Patients with the devastating genetic condition, spinal muscular atrophy (SMA), could gain access to vital treatment earlier than expected, but charities are warning that some patients could still lose the ability to move, breathe or swallow before it is implemented.
Around 1,300 children and adults are living with the devastating effects of SMA in the UK.
Each year, more than 40 babies are born with the most severe SMA Type 1, but without access to the drug Spinraza, life expectancy is rarely longer than two years.
Some children who have received Spinraza have seen their muscle strength improve and have already lived long enough to crawl and even walk.
A proposed interim scheme from the National Institute for Health and Care Excellence (Nice), NHS England and pharmaceutical company Biogen has been welcomed by charities including Muscular Dystrophy UK, SMA Support UK, the SMA Trust and TreatSMA, which are urging those involved to put it into effect as quickly as possible.
They are also calling for Nice's current system for approving rare disease drugs to be overhauled so that patients can get faster access to treatments.
Robert Meadowcroft, chief executive of Muscular Dystrophy UK, said: "While we wait for the interim scheme to be implemented, the clock ticks away for those affected by this devastating, life-limiting condition who desperately need access to this treatment.
"An interim scheme, which looks at making Spinraza available in the short term, is welcome. We must, however, address the problems with the current system for approving rare disease drugs.
"A longer-term solution needs to be found. We need a more appropriate assessment route for rare disease drugs like Spinraza, which fall between Nice's appraisal routes for new treatments."
Liz Lockley, 35, said the drug could enable her son George, six, who has SMA Type 2, to maintain some of the strength he has left.
Ms Lockley, from Welwyn Garden City, Hertfordshire, said: "SMA is a cruel condition. As a parent, it's heart-breaking to see your child gradually lose their physical abilities, particularly when it happens in parallel to their twin brother gaining new skills every day.

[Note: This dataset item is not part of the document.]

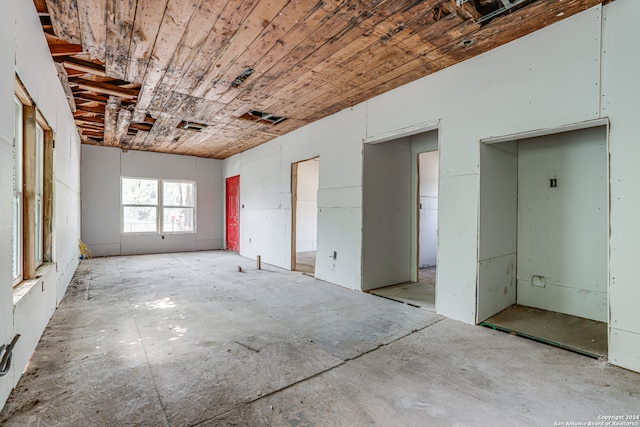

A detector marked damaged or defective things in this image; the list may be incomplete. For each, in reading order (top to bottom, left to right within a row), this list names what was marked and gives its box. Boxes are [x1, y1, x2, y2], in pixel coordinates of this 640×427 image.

damaged ceiling section [37, 0, 608, 159]
cracked concrete floor [1, 252, 640, 426]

"While Spinraza is not a cure, it could help George maintain some of the strength he has left and could potentially enable him to gain new skills. Even if Spinraza could give George the ability to cough effectively, the SMA would no longer be such a threat to his life.
"Simple things like having more arm strength could enable George to live a much more independent life. This would be invaluable to us and, more importantly, to George."
Spinraza proved so effective in a clinical trial for children with SMA Type 1 that the trial was stopped early so that children could potentially access it.
Treatment is now being delivered to some children with SMA Type 1 via a special compassionate access scheme, but the charities said not all can access it.
SMA causes progressive muscular weakness and loss of movement due to muscle wasting (atrophy). This may affect crawling and walking ability, arm, hand, head and neck movement, breathing and swallowing.